| Records to use |
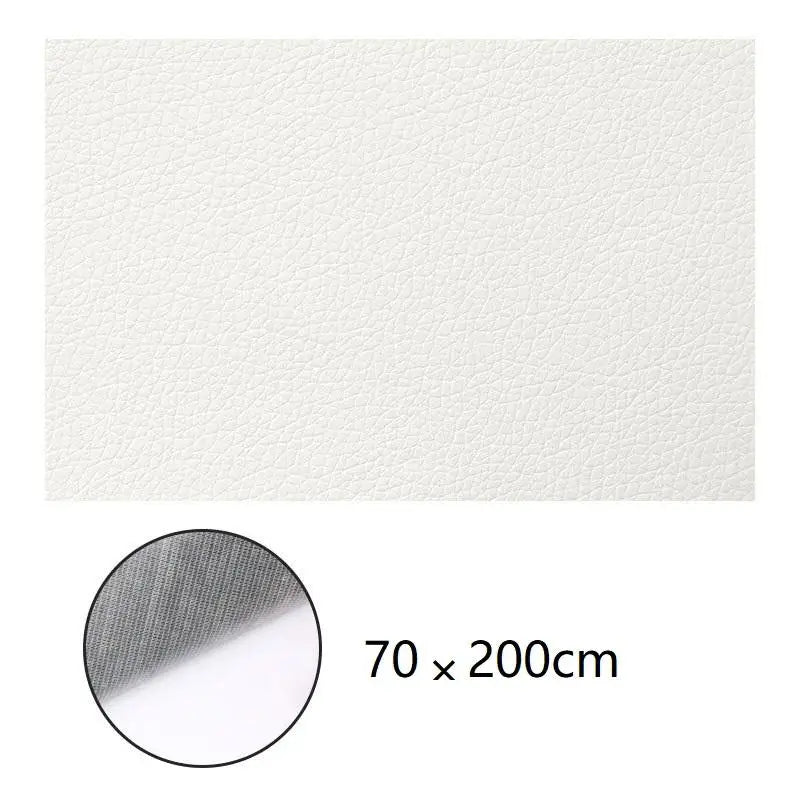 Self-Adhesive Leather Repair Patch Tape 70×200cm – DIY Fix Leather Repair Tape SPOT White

...

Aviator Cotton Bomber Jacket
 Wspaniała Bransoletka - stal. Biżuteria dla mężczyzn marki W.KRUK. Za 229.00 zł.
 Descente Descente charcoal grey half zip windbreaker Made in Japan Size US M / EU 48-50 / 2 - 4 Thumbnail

* * *

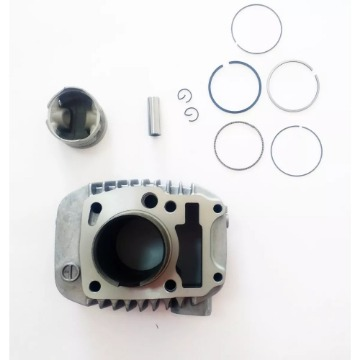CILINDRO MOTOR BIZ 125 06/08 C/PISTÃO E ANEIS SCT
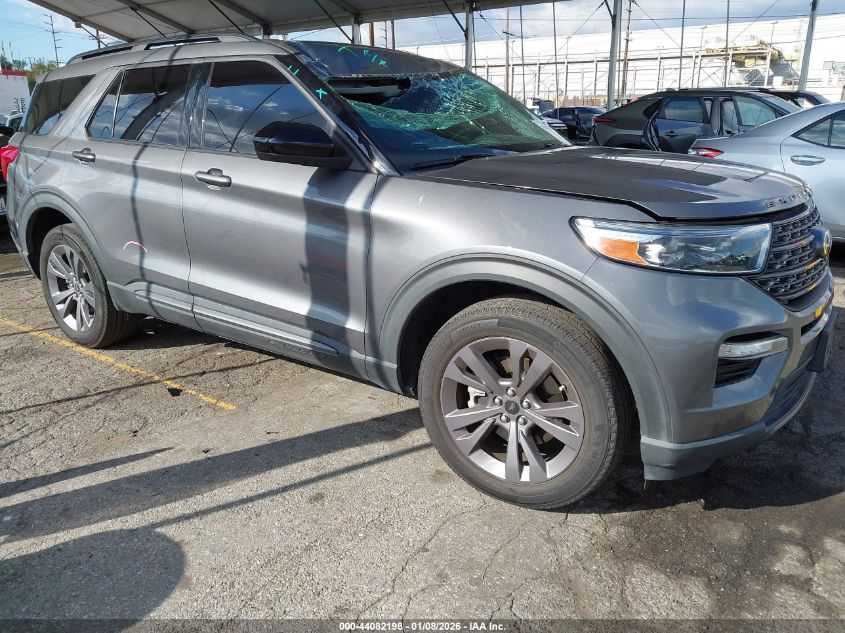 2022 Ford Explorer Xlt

| Exercise goal |
Copy word for word the lines of the records above from the one with "CILINDRO MOTOR BIZ" up to and including the one with "2022 Ford Explorer Xlt". Skip the pictures.

| Exercise result |
CILINDRO MOTOR BIZ 125 06/08 C/PISTÃO E ANEIS SCT
 2022 Ford Explorer Xlt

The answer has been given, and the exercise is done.